This story is a first person narrative told in the voice of a super computer that has achieved self-awareness.  At the start of the tale, the computer sits on a hill in the far future, on a desolate Earth bereft of people and even atmosphere.  An opportunity to travel back in time presents itself, and the computer explores the twentieth century.  It has a battle of wits with another computer (Van Vogt readers will perhaps not be surprised that this other computer is, in fact, its own younger self), meets its creator, and solves the mystery of what happened to the Earth's atmosphere and population.  

"Fulfillment" has a philosophical point to make.  At the beginning of the story the computer is selfish and merciless, and also dissatisfied, living a life without meaning, wondering what its purpose could be.  At the end of the story it finds satisfaction in working in partnership with others, putting its abilities to use for the good of a community.  There may be a note of tragedy, though; we know that after helping humanity achieve the stars and immortality, that the computer will be abandoned on the dead Earth.

Another solid story, good and pretty far-out.

"Fulfillment":          Is it Good?: Yes.          Is it Far-Out: Yes.

"Ship of Darkness" (1948)

ISFDB is telling me that Fantasy Book, where "Ship of Darkness" first appeared, was printed in both a standard edition on pulp and a deluxe edition on higher quality paper, and that each edition had its own cover.  "Ship of Darkness" was also the cover story for the February 1961 issue of Fantastic Stories of Imagination.   


Dispensing with any kind of realism, this is a sort of dream story.  D'Ormond lives some centuries in our future, in a time when interstellar travel is common.  He wants to test a time machine, and to do so must be very far from any planet, so he spends six months, all alone, flying out of and away from the Milky Way galaxy.  When the galaxy is far behind he sets the time machine for 3 million AD and activates it.

The time machine vanishes, and D'Ormond spots a bizarre space ship, a flat platform just a foot thick, but two miles long and a mile wide.  Naked people are walking on the platform, and using mental powers or something they get D'Ormond onto the platform and out of his little ship.

There's a lot of rigmarole with D'Ormond trying to figure out what is going on on the platform, trying to communicate with the people, etc.  He thinks the people on the platform are from the future and are spectacularly advanced, through evolution and/or some kind of high technology.  There is some New Age gobbledygook about men being anodal powers and women being nodal powers, and when a  similar, rival, platform appears the men sit cross legged and the women kneel, and they hold hands to generate power.  D'Ormond's platform generates more power and defeats the other platform, and the naked people become one with the universe.

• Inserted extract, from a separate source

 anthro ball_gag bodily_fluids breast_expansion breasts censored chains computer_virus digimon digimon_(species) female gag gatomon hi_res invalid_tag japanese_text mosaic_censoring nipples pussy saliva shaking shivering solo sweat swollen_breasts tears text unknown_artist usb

D'Ormond and one woman, who like him has clothes and was on some kind of probation, are left alone.

The two get in D'Ormond's space ship.  Looking at the stars, he realizes that his malfunctioning time machine sent him back in time instead of forwards.  (Greddar Klon feels your pain, D'Ormond!)  He spends months teaching the woman to speak; she pronounces his name "Idorm," and when they finally reach the unpopulated but fertile virgin Earth he has taken to calling her Eve.

To my mind this is the worst story in the collection.  Of course the Adam and Eve ending is groanworthy.  But the entire story offers little of interest--no character, no tension, no excitement, no speculations about technology or life in the future, no philosophical point of view.  I guess the story is meant to blow your mind with its crazy images and ideas ("whoa dude, this guy is his own ancestor!") but it is so unmoored from reality that it has no effect; it is like listening to somebody's surreal dream.  "Ship of Darkness" is a sterile exercise.  I've gotta give this one a thumbs down.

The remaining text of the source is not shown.